The 1980s marked the beginning of Harris Teeter’s retreat from the northern and western sections of the city. The Freedom Village, Eastway Plaza, Derita, and North Graham Street branches closed early in the decade, while the Hampshire Hills location closed in 1989.

The closings at Freedom Village, Eastway Plaza, and Hampshire Hills were particularly devastating to the centers they had anchored. Eastway Plaza was finally demolished around 1992, leaving the semi-abandoned Zayre Plaza behind it to anchor the busy intersection. Freedom Village, now stripped of both its supermarket anchors, survived as a host for thrift stores and other low-budget enterprises. Hampshire Hills is still standing, but just barely.

Harris Teeter’s growth was largely limited to to the south and east, with several new stores opening in suburban Pineville and Matthews.
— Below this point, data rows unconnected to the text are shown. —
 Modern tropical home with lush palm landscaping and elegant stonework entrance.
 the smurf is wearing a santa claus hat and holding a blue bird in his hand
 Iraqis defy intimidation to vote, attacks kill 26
In 1984, Harris Teeter purchased the three remaining Big Star locations in Charlotte. This gave the chain a presence at Outlet Square (formerly Charlottetown Mall), Southpark Mall, and the Park Road Shopping Center, and set the stage for a bigger purchase in 1988, when Harris Teeter acquired the remainder of the Carolinas’ Big Star stores.

In 1988, the Charlottetown Mall branch (a former Colonial and later Big Star acquired in 1984) and the 36-year-old Sedgefield Shopping Center location on South Boulevard were closed and replaced by a new and somewhat more urban-style store on East Boulevard in the rapidly redeveloping (and gentrifying) Dilworth area. The 1950 location on Central Avenue, in the also-gentrifying Plaza-Midwood area, was remodeled at about the same time.

Big Star

1980-bigstar-park
Big Star, Park Road Shopping Center, Charlotte Observer, 4 January 1984

Things got progressively worse for Big Star in the 1980s. At the start of the decade, the chain was down to five locations in Charlotte. Two of these, East Independence Boulevard and North Graham Street were closed in 1982. The remainder of the Charlotte stores – Outlet Square, Southpark Mall, and Park Road Shopping Center – were sold to Harris Teeter in 1984.
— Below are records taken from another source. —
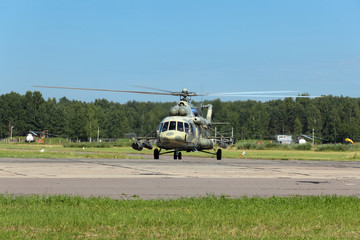 Wall Mural - The military helicopter at the airfield preparing for take-off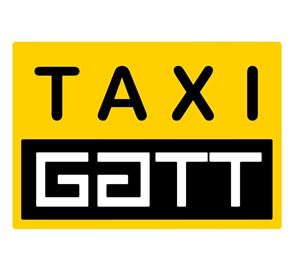 Ein gelbes Schild mit der Aufschrift "TAXI" und "GATT" in schwarzer Schrift. Es dient als Erkennungszeichen für ein Taxiunternehmen.
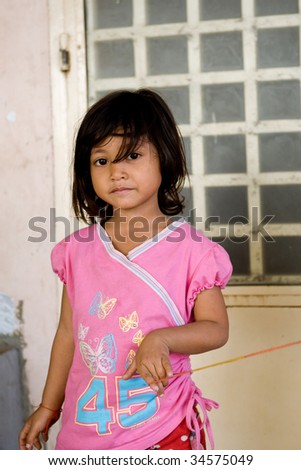 PHNOM PEHN, CAMBODIA - CIRCA JANUARY 2009: A young girl poses for a picture in Phnom Pehn, Cambodia Circa January 2009. Genocide attacks in 1975 - 1979 has caused many children to grow up in poverty.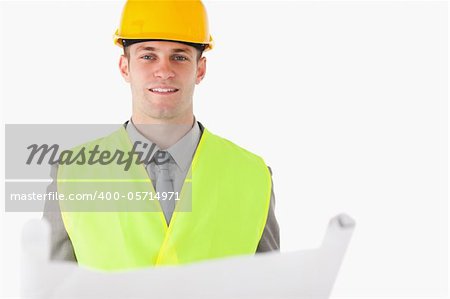 Builder holding a plan against a white background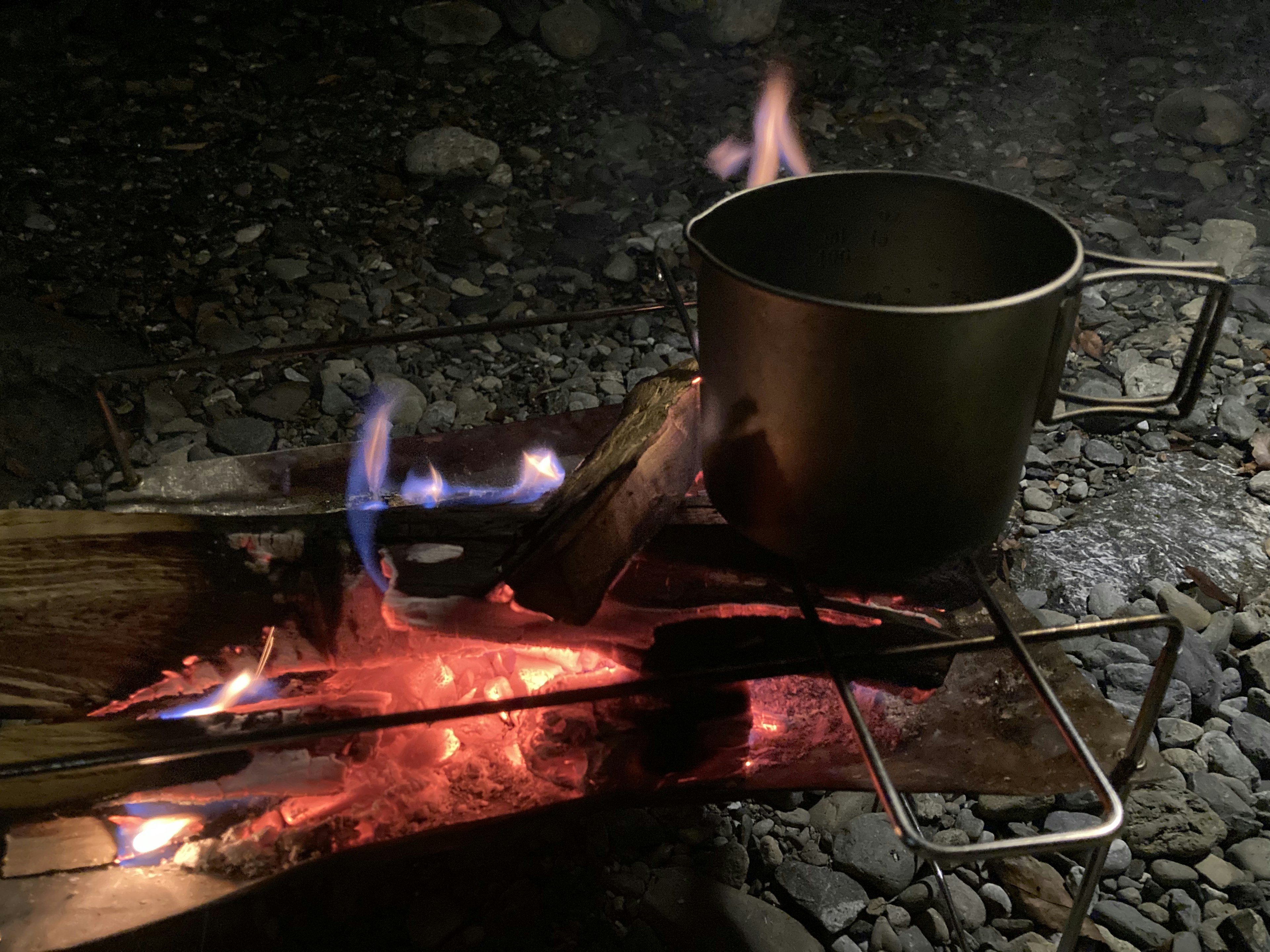 Casserole en métal sur un feu de camp avec des flammes et des braises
While the Charlotte locations were in worse shape than some, Big Star and its parent company, Grand Union, had been in serious trouble ever since their 1978 merger. The company was trying to sell its Washington DC stores in 1984 as well, and in 1988, all the Carolinas operations were sold to Harris-Teeter.

Food Lion

Food Lion began the 1980s still using the name Food Town. Planned expansion into two areas with pre-existing Food Town chains forced a name change in 1983. The new name was chosen for two reasons: (1) Food Lion’s new Belgian corporate parent, Delhaize used a lion as its symbol, and (2) the new name required changing only two letters on store signage, cost-cutting move which was well-publicized in TV commercials at the time.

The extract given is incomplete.